Меня поселят в русской деревне. Но в деревне опустелой, брошенной, разрушенной; я увижу раскрытые кровли, разваленные дома – печальные следы войны. Я буду один в черной избе, никто не поможет мне устроиться удобнее, никто не придет побеседовать со мной. Изо дня в день я буду следить, как снег все глубже покрывает поля, и зрелище тоскующей природы усугубит мрачность моих мыслей. Не имея, чем развлечься ни в доме, ни среди природы, я буду проводить тоскливые дни у окна, скрестив уныло руки и взглядывая время от времени на часы, как бы стремясь приблизить заход солнца.
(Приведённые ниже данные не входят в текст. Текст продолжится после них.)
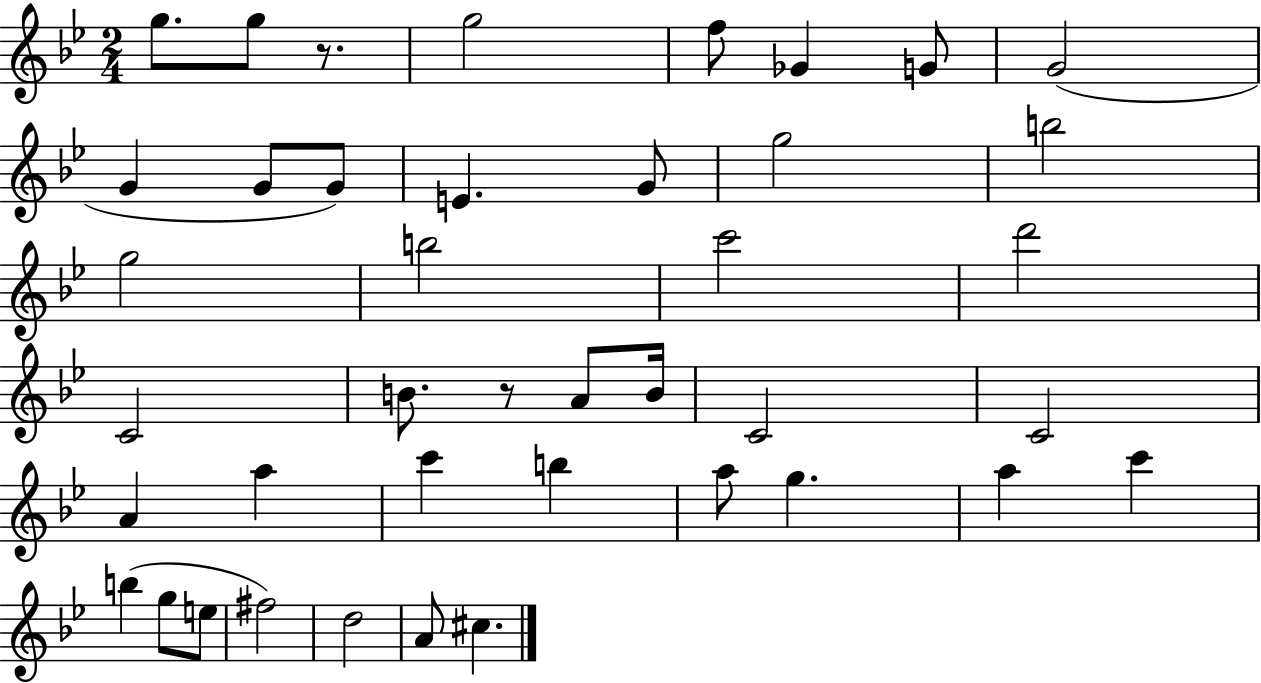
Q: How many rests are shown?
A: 2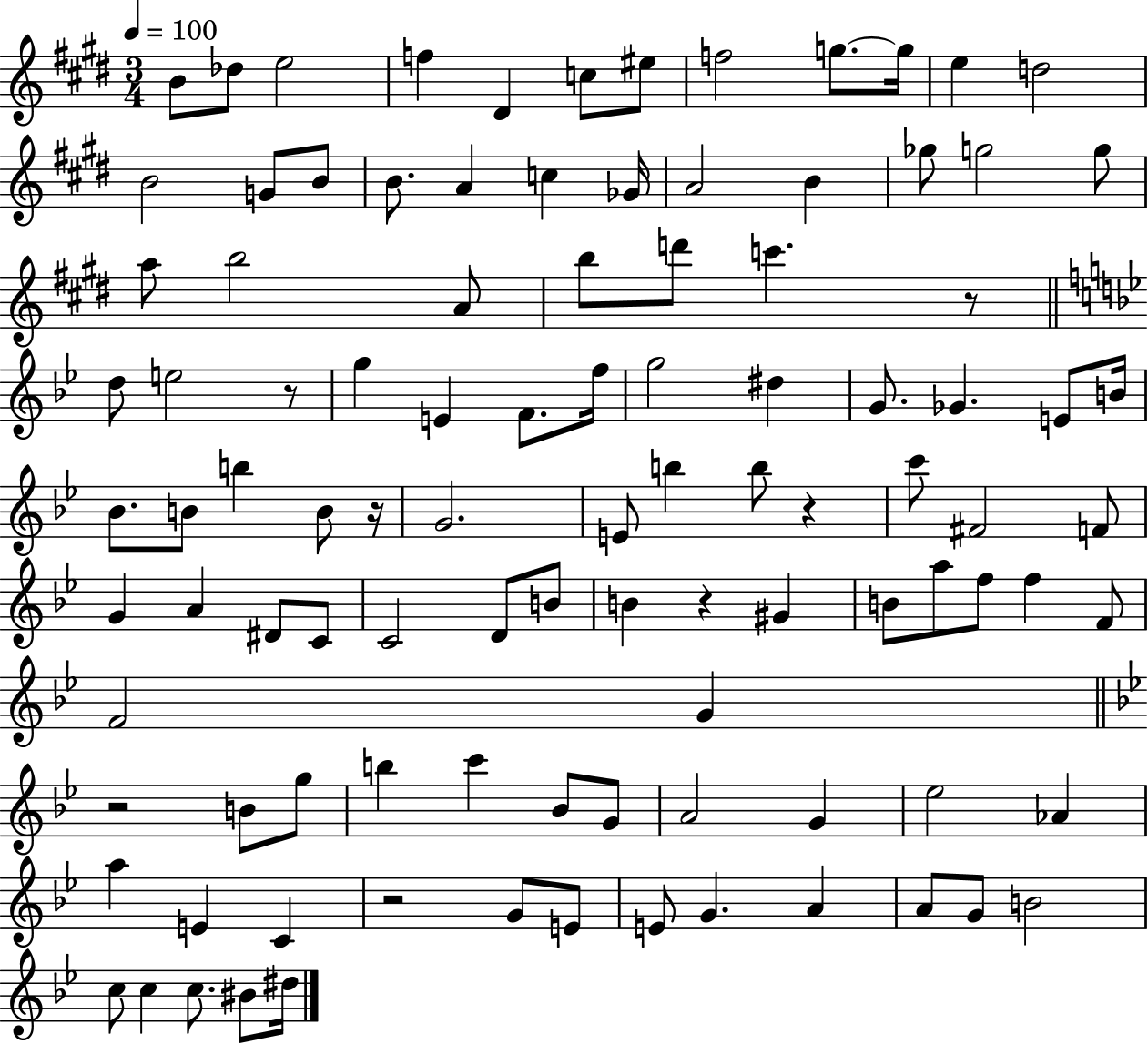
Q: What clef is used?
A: treble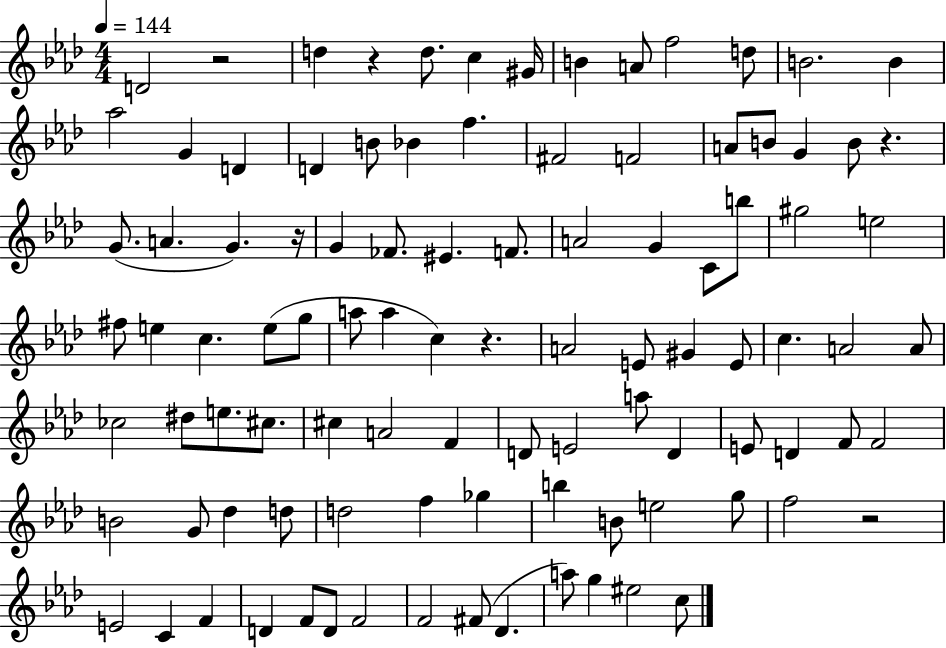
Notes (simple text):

D4/h R/h D5/q R/q D5/e. C5/q G#4/s B4/q A4/e F5/h D5/e B4/h. B4/q Ab5/h G4/q D4/q D4/q B4/e Bb4/q F5/q. F#4/h F4/h A4/e B4/e G4/q B4/e R/q. G4/e. A4/q. G4/q. R/s G4/q FES4/e. EIS4/q. F4/e. A4/h G4/q C4/e B5/e G#5/h E5/h F#5/e E5/q C5/q. E5/e G5/e A5/e A5/q C5/q R/q. A4/h E4/e G#4/q E4/e C5/q. A4/h A4/e CES5/h D#5/e E5/e. C#5/e. C#5/q A4/h F4/q D4/e E4/h A5/e D4/q E4/e D4/q F4/e F4/h B4/h G4/e Db5/q D5/e D5/h F5/q Gb5/q B5/q B4/e E5/h G5/e F5/h R/h E4/h C4/q F4/q D4/q F4/e D4/e F4/h F4/h F#4/e Db4/q. A5/e G5/q EIS5/h C5/e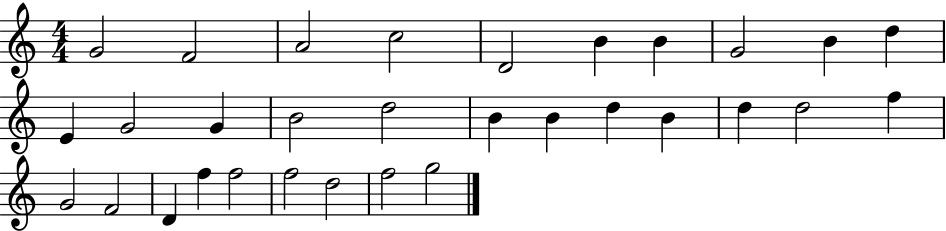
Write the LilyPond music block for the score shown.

{
  \clef treble
  \numericTimeSignature
  \time 4/4
  \key c \major
  g'2 f'2 | a'2 c''2 | d'2 b'4 b'4 | g'2 b'4 d''4 | \break e'4 g'2 g'4 | b'2 d''2 | b'4 b'4 d''4 b'4 | d''4 d''2 f''4 | \break g'2 f'2 | d'4 f''4 f''2 | f''2 d''2 | f''2 g''2 | \break \bar "|."
}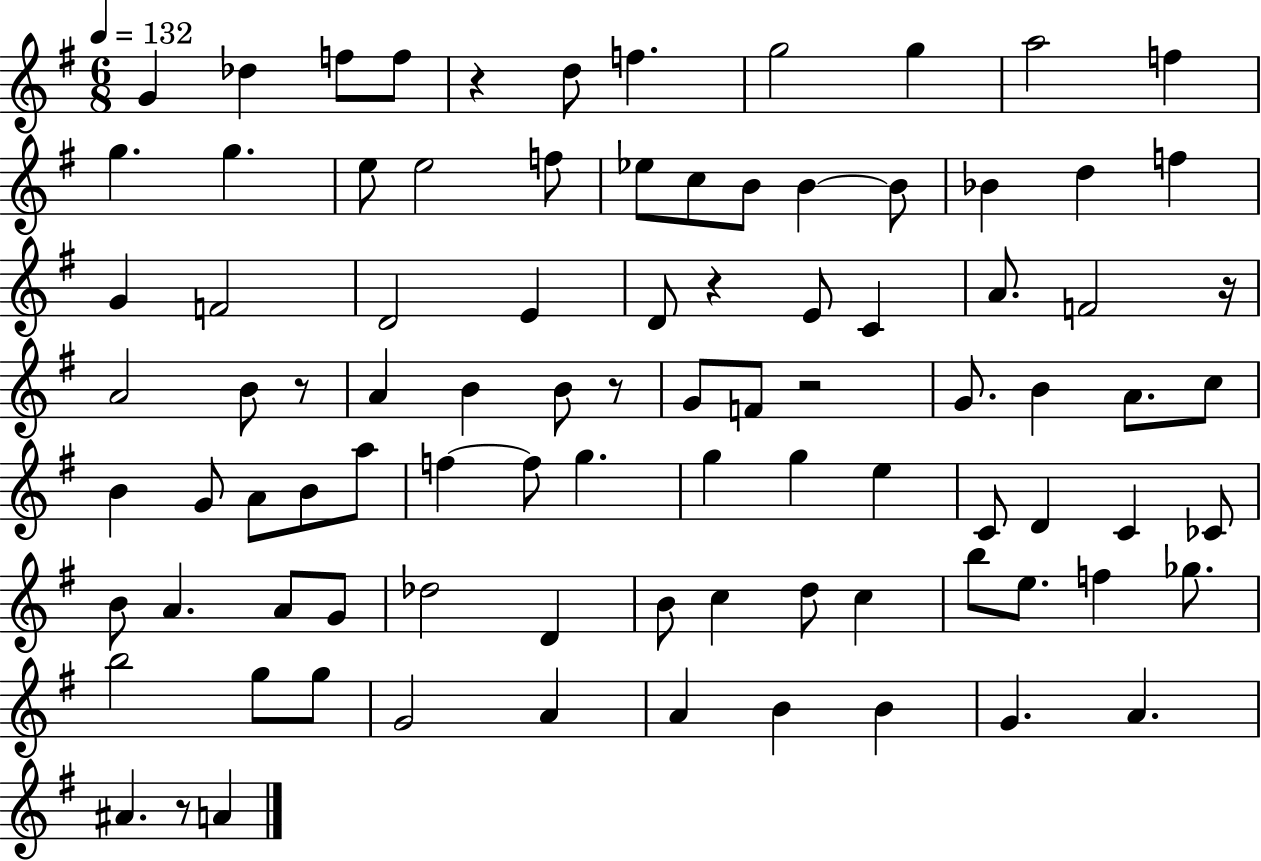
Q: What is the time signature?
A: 6/8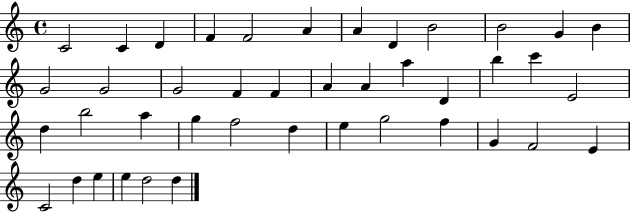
X:1
T:Untitled
M:4/4
L:1/4
K:C
C2 C D F F2 A A D B2 B2 G B G2 G2 G2 F F A A a D b c' E2 d b2 a g f2 d e g2 f G F2 E C2 d e e d2 d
Я буду совсем один, и если в моей деревне появится живая душа, это будет, вероятно, обездоленный крестьянин, с трудом узнающий разоренное жилище своих отцов, или осиротелая мать, в слезах разыскивающая своих детей, или мужественный воин, потерявший ногу на службе отечеству и едва доковылявший сюда по снегу…
Нет, не хочу больше об этом думать – эти мысли чересчур мрачны, а мое воображение слишком охотно идет им навстречу, закрою тетрадь, дабы не предаться окончательно грусти.
Праздник султана
18 сентября.
Не познавши скуки, не узнаешь и веселья; своими удовольствиями мы нередко обязаны скуке.